Future Proofing Transport Networks for AI

With the rise in generative artificial intelligence (AI) applications and the massive buildout of AI infrastructure, the optics industry is at the forefront of this evolution since improved optical interconnections can mitigate bandwidth constraints within an AI cluster. This was one of the hottest topics at OFC 2024, with LightCounting forecasting that total sales of optical transceivers for AI cluster applications may reach approximately $52 billion over the next 5 years.

While the near-term focus has been on how AI will affect the technology around short reach interconnects, there will certainly be an impact to interconnections beyond the AI clusters and beyond the AI data center, in hyperscaler networks.

The question is: beyond the short-distance high-bandwidth interconnections, how would AI traffic impact the optical transport environment beyond the intra-building network and into the metro, long haul, and longer reach applications where optical coherent transmission is heavily utilized?

Figure 1. Sales Forecast for Ethernet Optical Transceivers for AI Clusters (July 2024 LightCounting Newsletter, “A Soft Landing for AI Optics?”).

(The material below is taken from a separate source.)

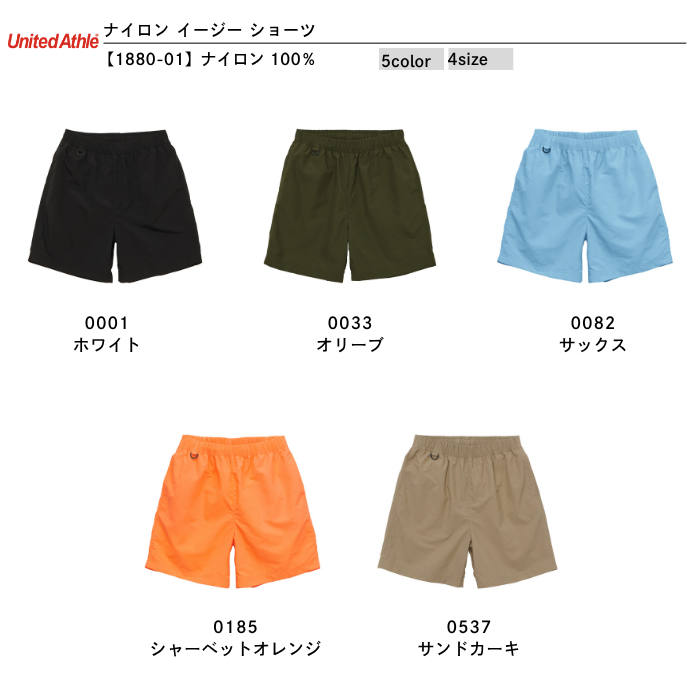 t-シャツ イメージ画像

Effect of Past Applications on the Transport Network
Bandwidth-intensive computing is attributed to both AI training as well as AI inference, where inference refers to the post-training process in which the model is “ready for the world,” creating an inference-based output from input data using what it learned during the training process. In addition to AI training’s requirements for a large amount of computing power and a large number of high-bandwidth, short connections, there are also foreseen bandwidth requirements beyond the AI data center. To understand how network traffic patterns may evolve beyond the AI data center, let’s review some examples of how the wider transport network was affected by past growth of various applications. Although these applications may not strongly match the effect of AI application traffic, it can provide some insight into the effects that the growth of AI applications may have on optical transport, and thus on the growth of coherent technology.

If we look at search applications, the AI training process is generally analogous to a search engine’s crawling bots combing the internet to gather data to be indexed (AI training being much more computationally intensive). The AI inference process is analogous to the search engine being queried by the end user with results made available for user retrieval with minimal latency. While the required transport bandwidth for search bots and user queries are minimal compared to higher bandwidth applications, the cumulative effect of the search-related traffic is part of the contribution to overall transport traffic, including bandwidth from regional/local caching to minimize latency, as well as usage from subsequent traffic created by acting upon search results.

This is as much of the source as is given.